Maria le posò la mano sul braccio con decisione rassicurante.

— «Non ti troverà mai più. Non lo permetterò. Ne ho conosciuti troppi di questi ‘mariti rispettabili’. Sul lavoro sorridono, e a casa trasformano la vita in un inferno.»

— «E se scopre dove sono?» — sussurrò Ana, con la voce rotta.

— «È per questo che dobbiamo proteggerti meglio. Il direttore e Sofia sono dalla tua parte. Adesso sanno. Hanno capito.»

Ana sbatté le palpebre, sorpresa.

— «Loro… sanno?»

— «Sì, e non ti giudicheranno. Hanno visto le tue lacrime, hanno compreso i tuoi silenzi. Ora devi fare un passo importante: andare alla polizia.»

Ana abbassò la testa tra le mani.

— «L’ho voluto tante volte… ma non ho mai trovato il coraggio.»

Maria tacque per un momento, poi estrasse dalla borsa un piccolo taccuino.

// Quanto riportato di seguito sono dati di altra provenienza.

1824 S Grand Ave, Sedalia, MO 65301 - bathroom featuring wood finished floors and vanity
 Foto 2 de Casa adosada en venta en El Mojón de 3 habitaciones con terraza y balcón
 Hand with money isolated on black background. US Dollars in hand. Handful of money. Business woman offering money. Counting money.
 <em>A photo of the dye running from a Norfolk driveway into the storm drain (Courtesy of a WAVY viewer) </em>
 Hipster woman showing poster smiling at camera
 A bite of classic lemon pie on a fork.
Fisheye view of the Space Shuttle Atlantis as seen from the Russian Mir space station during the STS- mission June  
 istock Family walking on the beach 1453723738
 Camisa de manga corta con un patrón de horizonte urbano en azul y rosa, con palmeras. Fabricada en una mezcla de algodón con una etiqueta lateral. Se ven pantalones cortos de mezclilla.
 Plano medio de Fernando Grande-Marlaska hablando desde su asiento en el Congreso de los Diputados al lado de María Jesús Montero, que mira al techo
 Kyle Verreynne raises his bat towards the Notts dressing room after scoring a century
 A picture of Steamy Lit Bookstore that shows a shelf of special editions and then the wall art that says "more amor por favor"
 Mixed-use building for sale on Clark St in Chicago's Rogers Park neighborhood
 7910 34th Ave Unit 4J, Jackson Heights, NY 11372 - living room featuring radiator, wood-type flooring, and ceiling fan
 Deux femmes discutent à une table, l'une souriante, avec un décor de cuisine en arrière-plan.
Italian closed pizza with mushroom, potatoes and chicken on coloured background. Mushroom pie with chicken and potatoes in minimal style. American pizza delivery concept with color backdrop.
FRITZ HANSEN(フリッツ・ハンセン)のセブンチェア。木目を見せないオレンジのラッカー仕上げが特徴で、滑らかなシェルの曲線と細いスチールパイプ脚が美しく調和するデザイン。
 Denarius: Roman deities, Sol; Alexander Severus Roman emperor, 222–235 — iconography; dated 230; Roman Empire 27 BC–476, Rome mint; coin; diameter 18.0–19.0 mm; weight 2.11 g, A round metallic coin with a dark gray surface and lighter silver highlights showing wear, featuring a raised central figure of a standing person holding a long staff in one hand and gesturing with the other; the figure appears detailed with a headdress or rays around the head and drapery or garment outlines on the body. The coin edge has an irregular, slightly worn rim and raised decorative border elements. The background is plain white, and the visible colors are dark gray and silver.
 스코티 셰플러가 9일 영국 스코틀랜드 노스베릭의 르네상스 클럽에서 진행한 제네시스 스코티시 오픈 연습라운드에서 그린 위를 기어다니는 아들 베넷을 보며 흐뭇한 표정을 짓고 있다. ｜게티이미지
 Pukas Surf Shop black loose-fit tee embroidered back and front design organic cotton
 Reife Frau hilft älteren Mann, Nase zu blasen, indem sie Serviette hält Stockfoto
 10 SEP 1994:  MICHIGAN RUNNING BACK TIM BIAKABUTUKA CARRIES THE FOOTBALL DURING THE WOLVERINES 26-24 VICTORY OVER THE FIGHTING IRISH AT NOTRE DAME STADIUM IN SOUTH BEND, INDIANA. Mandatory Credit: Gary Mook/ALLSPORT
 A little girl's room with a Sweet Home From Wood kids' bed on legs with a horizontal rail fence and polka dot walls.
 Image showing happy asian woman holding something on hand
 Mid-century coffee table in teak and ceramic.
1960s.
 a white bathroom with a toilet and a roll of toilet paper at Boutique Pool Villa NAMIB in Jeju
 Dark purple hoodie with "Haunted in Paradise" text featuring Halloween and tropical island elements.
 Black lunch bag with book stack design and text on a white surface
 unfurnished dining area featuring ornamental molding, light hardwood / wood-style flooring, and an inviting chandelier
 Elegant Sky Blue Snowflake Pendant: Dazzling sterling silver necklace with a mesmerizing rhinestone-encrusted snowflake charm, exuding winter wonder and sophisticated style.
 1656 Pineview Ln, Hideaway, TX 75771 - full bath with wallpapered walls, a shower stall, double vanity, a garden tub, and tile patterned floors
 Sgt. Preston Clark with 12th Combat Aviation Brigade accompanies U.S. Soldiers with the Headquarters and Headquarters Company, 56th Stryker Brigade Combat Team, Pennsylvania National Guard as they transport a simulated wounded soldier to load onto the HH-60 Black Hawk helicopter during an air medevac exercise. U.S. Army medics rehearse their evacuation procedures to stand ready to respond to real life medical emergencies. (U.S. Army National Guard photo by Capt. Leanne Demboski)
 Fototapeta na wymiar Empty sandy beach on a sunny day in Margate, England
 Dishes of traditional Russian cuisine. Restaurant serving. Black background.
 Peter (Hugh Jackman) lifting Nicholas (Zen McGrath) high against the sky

— «Guarda, ho scritto qui indirizzi e numeri di centri per le vittime di violenza domestica. So che è difficile, ma non sei più sola.»

Le rivelazioni

Intanto Mihail era già in preda al panico. Si presentò al lavoro di Ana, fingendosi preoccupato, cercando di carpire informazioni. Sofia lo osservava con sospetto, con freddezza calcolata.

— «Ana ci ha chiamato, è malata» — rispose secca, senza aggiungere altro.

Mihail aggrottò la fronte.

— «E dov’è adesso? Con chi sta?»

— «Non lo sappiamo. E anche se lo sapessimo, non potremmo dirtelo. È adulta e ha diritto di decidere per sé» — replicò Sofia con fermezza, con una sicurezza che neppure lei sapeva di avere.

Mihail serrò i pugni, ma non poteva esplodere lì, in ufficio. Uscì sbattendo la porta.

— «Quest’uomo ha qualcosa di oscuro nello sguardo» — mormorò una collega.

— «Lo so» — rispose il direttore. — «Da ora in poi staremo attenti.»

Il piano

Maria e Ana stabilirono un piano preciso: quella stessa sera, Ana sarebbe stata portata in un centro protetto.

— «Devi prendere solo i documenti e l’essenziale» — la istruiva Maria. — «Il resto non conta adesso. Conta la tua vita.»

Ana tremava, ma ascoltava attentamente.

Durante il tragitto, guardando le luci della città dal finestrino, ricordava tutte quelle sere passate a casa, quando fingeva di essere felice. «Quanto tempo sprecato… quanta sofferenza nascosta…»

Maria le strinse la mano con dolcezza.

— «Hai fatto il primo passo, bambina mia. Ed è la parte più difficile.»

Lo scontro

Qualche giorno dopo, Mihail scoprì l’indirizzo dell’hotel dove Ana aveva soggiornato. Ma arrivò troppo tardi: lei non c’era più. Accecato dalla rabbia, la cercava ovunque.

Alla fine fu la stessa polizia ad essere allertata dal direttore di Ana, che portò prove inconfutabili: certificati medici, fotografie, dichiarazioni dei colleghi.

Una mattina, Mihail fu fermato per interrogatorio. Ana, pur tremando, trovò la forza di testimoniare. La voce le vibrava, ma era chiara:

— «Voglio vivere. Non posso più continuare così.»

Per la prima volta, la verità veniva detta ad alta voce.

La liberazione

Passarono alcune settimane. Ana abitava ormai in un piccolo appartamento messo a disposizione da un’organizzazione per le vittime. Andava a terapia, e pian piano tornava a sorridere, anche se con timidezza.

Al lavoro, i colleghi la accolsero con fiori e calore. Nessun rimprovero, solo sostegno. Sofia l’abbracciò forte e le disse con emozione:

— «Non sei più la ‘donna dalle trentatré disgrazie’. Sei Ana, la nostra amica. E sei forte.»

Gli occhi di Ana si riempirono di lacrime, ma questa volta erau lacrime di gratitudine.

Maria, osservando la scena, pensò con sollievo:
«Un’altra donna è stata salvata. Un’altra vita che vale la pena di essere vissuta.»

E, per la prima volta dopo tanto tempo, Ana sentì che il futuro non era più un incubo, ma una promessa.